Git tries hard to determine the author of each commit. If you haven’t set up your name and
email address in a way that Git can find it, you may encounter some
odd warnings.
But there is no need to have an existential crisis if you see a
cryptic error message like one of these:
You don't exist. Go away!
Your parents must have hated you!
Your sysadmin must hate you!
The error indicates that Git is unable to determine your real
name, likely due to a problem (existence, readability, length) with
your Unix “ gecos” information. The problem can be fixed
by setting your name and email configuration information as described
in Configuring the Commit Author.
Configuring the Commit Author
Before making many commits to a repository, you should establish
some basic environment and
configuration options. At a bare minimum, Git must know your
name and email address. You may specify your identity on every commit command
line, as shown previously, but that is the hard way and quickly becomes
tedious.
Instead, save your identity in a configuration file using the
git config command.
$ git config user.name "Jon Loeliger"
$ git config user.email "jdl@example.com"
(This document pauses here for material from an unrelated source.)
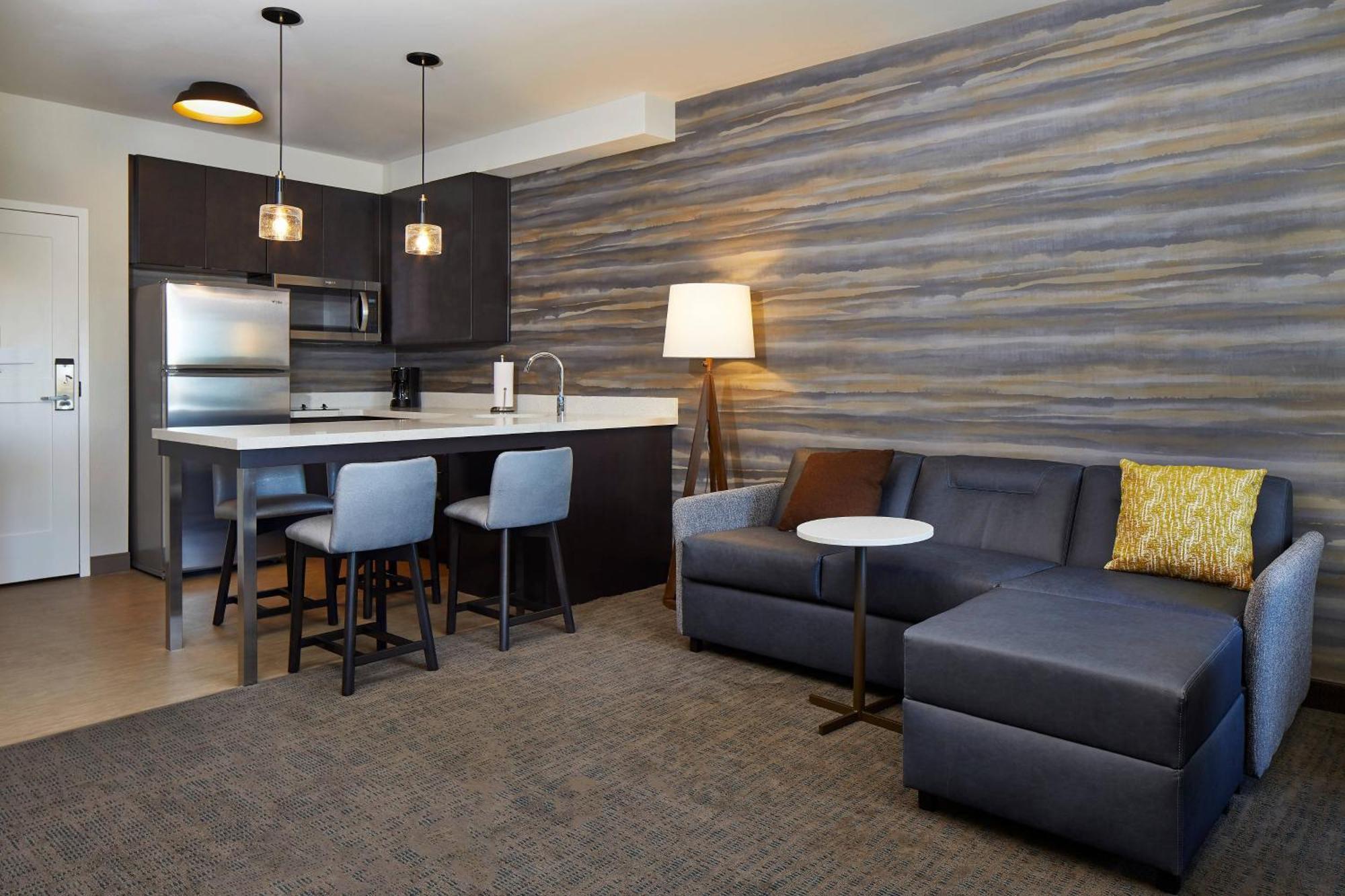 Hotel By Marriott Circle/medical Center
You can also tell Git your name and email address using
the GIT_AUTHOR_NAME
and
GIT_AUTHOR_EMAIL
environment
variables. If set, these variables override all configuration
settings.
Making Another Commit
To show a few more features of Git, let’s make some modifications
and create a complex history of changes within the repository.
Let’s commit an alteration to the index.html file. Open the file, convert it to
HTML, and save the file.
$ cd ~/public_html
# edit the index.html file
$ cat index.html
<html>
<body>
My web site is alive!
</body>
</html>
$ git commit index.html
If you are already somewhat familiar with Git, you may be
tempted to think “ Aha! You need to git
add index.html before you can commit that file!” But that isn’t true.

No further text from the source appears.